Task details
Go to the line in the entries below that holds "B9125 Asymmetrical Printed Blouse - Image 2" and repeat exactly from there through the line that holds "Trilocale in Vendita", inclusive.

Data records:
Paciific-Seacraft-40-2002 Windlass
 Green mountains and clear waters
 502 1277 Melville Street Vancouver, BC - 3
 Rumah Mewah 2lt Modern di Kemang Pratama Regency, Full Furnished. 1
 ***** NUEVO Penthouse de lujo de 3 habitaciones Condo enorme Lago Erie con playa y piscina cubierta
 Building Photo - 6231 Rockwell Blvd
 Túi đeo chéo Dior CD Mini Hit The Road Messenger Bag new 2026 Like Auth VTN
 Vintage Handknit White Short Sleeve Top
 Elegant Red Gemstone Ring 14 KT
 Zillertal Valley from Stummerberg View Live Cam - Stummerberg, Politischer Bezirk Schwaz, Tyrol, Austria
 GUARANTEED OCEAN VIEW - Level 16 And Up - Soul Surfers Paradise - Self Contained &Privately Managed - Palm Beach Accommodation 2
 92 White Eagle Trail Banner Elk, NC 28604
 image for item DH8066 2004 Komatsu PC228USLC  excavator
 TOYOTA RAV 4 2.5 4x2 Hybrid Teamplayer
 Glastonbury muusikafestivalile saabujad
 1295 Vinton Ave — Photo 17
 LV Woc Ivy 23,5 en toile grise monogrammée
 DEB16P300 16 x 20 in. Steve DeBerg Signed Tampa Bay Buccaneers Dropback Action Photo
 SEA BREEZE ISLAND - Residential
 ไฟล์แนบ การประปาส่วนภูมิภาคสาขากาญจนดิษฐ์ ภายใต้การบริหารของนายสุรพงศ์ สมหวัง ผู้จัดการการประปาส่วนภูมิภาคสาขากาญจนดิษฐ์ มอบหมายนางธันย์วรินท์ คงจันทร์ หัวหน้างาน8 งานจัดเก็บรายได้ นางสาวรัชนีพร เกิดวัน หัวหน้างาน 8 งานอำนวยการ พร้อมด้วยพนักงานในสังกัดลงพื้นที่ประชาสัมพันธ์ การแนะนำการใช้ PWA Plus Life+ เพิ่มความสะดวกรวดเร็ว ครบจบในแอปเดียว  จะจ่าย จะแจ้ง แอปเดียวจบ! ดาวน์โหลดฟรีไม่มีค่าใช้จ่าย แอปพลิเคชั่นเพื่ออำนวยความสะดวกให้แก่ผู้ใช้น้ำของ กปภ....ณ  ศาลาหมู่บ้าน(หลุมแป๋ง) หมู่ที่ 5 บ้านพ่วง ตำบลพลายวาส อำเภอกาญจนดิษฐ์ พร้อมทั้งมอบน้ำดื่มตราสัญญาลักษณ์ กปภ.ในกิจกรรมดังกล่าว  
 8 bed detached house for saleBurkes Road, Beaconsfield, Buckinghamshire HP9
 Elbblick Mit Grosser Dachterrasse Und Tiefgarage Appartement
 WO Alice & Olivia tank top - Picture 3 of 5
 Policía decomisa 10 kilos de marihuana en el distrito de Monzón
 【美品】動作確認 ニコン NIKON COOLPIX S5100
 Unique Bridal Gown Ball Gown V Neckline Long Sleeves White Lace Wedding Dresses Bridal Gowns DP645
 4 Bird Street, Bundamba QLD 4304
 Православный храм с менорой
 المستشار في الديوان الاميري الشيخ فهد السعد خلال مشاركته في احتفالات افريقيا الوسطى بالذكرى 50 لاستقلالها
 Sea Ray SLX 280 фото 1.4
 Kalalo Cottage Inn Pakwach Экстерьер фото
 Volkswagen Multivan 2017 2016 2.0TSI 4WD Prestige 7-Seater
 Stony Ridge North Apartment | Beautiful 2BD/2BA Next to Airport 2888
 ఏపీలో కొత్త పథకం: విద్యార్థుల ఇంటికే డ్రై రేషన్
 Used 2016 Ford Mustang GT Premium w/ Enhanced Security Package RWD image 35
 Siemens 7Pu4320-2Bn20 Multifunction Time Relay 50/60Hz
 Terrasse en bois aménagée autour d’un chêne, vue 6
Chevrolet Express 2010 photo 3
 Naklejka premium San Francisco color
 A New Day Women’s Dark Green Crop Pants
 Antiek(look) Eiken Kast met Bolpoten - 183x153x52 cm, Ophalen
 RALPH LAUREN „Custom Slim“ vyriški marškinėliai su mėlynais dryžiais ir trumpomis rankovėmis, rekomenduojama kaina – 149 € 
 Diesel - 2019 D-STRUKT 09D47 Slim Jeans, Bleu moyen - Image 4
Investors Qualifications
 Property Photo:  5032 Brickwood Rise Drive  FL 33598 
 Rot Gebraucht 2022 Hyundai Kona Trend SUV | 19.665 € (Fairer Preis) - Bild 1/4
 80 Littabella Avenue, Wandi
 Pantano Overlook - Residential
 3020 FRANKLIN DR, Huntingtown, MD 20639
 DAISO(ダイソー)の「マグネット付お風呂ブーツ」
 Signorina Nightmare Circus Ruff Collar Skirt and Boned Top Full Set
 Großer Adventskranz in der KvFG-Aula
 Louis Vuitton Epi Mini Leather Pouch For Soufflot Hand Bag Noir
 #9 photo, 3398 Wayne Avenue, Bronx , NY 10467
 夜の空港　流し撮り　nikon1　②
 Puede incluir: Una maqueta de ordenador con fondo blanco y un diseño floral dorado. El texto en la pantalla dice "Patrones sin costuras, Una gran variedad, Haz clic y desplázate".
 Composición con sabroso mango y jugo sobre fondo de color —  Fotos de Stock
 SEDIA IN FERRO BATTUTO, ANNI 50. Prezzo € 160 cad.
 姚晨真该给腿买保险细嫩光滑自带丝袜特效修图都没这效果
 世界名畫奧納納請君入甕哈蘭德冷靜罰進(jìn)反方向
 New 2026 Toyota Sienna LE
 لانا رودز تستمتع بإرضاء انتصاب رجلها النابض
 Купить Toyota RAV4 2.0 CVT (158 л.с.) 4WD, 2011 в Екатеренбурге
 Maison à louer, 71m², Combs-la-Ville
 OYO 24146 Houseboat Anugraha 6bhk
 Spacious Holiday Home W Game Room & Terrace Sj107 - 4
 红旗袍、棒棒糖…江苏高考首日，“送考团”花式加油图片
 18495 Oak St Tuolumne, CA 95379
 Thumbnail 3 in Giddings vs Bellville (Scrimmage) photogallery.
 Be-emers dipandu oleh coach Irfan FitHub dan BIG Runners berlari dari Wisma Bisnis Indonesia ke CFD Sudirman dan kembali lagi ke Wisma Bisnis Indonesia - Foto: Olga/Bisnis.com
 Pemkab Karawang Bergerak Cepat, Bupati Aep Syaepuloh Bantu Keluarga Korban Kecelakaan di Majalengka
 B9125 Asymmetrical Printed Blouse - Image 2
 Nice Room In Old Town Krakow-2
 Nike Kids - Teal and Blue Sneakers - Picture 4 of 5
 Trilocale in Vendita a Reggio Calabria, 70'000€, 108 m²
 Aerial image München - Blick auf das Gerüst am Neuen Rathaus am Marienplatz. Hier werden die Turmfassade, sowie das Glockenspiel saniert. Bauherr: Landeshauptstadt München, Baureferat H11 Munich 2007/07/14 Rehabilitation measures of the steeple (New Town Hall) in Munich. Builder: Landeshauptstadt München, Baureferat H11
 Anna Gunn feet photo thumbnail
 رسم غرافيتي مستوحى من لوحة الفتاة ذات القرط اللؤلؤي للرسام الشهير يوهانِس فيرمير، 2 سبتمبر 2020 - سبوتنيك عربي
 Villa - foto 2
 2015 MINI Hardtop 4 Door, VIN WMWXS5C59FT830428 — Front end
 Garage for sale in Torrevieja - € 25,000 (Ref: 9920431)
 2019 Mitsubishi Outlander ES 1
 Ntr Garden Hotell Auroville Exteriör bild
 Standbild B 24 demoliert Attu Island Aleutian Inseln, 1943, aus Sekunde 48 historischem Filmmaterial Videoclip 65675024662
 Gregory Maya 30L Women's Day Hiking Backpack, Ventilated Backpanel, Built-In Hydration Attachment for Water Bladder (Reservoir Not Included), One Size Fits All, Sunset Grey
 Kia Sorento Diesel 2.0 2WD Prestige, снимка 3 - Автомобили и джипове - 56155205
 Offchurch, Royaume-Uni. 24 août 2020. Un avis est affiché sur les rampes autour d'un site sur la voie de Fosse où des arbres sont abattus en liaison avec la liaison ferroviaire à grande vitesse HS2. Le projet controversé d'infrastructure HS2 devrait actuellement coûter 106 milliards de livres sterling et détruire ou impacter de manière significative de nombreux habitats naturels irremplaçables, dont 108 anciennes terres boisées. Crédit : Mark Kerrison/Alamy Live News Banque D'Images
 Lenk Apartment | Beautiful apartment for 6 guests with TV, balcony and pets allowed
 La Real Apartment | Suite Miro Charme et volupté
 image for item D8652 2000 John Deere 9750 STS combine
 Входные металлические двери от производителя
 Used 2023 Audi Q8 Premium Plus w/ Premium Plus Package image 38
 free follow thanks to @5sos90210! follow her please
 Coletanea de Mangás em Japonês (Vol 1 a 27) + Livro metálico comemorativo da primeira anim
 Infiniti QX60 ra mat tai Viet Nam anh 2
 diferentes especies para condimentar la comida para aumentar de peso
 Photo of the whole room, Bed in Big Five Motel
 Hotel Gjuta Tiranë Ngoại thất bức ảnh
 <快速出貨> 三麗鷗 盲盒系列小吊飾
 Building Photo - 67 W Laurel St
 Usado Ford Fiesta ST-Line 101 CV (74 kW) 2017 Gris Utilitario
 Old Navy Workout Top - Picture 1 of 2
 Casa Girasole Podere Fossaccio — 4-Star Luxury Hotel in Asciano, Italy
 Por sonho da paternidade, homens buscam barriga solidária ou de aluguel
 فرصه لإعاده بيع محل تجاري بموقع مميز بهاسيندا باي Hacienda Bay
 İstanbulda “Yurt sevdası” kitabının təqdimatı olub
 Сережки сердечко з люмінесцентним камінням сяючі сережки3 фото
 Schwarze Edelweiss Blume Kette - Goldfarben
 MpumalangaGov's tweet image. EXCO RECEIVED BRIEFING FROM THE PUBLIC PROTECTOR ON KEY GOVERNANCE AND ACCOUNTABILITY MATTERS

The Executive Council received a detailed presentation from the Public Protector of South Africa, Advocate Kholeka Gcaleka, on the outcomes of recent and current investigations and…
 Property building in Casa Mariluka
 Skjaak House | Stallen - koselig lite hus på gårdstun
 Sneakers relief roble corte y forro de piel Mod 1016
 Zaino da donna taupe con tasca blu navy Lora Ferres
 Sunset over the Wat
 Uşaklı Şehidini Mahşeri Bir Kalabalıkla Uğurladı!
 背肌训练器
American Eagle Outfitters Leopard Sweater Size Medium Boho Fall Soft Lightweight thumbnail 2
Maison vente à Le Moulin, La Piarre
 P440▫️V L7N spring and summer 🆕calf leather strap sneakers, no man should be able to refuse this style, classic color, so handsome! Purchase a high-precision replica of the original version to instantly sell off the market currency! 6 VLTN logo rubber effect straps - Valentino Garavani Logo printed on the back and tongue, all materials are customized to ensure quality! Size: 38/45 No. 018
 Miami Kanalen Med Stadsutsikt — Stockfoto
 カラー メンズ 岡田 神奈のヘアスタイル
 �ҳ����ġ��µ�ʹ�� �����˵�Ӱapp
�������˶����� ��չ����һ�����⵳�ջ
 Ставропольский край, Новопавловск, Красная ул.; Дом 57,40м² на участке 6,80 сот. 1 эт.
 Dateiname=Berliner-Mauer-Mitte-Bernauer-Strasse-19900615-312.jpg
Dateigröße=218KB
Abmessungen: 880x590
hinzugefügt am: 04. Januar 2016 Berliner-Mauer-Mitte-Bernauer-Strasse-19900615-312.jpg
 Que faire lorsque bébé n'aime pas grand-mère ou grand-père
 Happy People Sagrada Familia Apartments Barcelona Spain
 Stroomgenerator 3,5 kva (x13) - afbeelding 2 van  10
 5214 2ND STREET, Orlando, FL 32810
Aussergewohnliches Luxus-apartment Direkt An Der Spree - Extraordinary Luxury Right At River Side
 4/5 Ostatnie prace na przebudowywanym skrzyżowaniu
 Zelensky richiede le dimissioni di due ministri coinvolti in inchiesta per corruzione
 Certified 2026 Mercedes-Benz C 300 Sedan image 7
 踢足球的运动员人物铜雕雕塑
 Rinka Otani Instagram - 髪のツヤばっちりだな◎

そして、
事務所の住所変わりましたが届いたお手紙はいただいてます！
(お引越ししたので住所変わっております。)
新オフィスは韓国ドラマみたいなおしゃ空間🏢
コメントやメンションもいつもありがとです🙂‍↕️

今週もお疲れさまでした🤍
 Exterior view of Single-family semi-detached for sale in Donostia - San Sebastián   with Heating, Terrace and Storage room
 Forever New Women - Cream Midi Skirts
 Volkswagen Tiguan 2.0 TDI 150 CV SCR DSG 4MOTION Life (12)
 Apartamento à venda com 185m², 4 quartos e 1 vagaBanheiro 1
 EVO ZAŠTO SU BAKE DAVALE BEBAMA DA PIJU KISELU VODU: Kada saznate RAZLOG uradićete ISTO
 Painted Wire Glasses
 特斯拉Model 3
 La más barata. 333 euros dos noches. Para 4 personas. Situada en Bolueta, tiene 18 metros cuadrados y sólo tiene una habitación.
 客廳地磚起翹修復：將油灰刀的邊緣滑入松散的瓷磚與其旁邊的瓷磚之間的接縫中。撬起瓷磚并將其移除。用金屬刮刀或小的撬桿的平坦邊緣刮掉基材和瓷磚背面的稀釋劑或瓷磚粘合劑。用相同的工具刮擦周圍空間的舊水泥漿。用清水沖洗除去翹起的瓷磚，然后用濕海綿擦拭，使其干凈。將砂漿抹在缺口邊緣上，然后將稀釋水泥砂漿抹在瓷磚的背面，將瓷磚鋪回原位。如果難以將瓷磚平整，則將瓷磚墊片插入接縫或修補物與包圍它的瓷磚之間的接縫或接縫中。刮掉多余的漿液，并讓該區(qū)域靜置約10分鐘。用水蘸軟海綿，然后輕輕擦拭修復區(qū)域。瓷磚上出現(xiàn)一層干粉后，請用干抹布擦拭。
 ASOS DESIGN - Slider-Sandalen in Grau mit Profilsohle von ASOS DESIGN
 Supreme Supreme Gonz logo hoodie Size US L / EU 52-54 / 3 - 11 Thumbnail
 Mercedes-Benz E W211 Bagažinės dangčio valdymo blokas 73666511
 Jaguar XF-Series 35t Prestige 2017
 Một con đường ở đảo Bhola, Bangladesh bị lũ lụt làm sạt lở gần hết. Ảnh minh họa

Answer area
 B9125 Asymmetrical Printed Blouse - Image 2
 Nice Room In Old Town Krakow-2
 Nike Kids - Teal and Blue Sneakers - Picture 4 of 5
 Trilocale in Vendita a Reggio Calabria, 70'000€, 108 m²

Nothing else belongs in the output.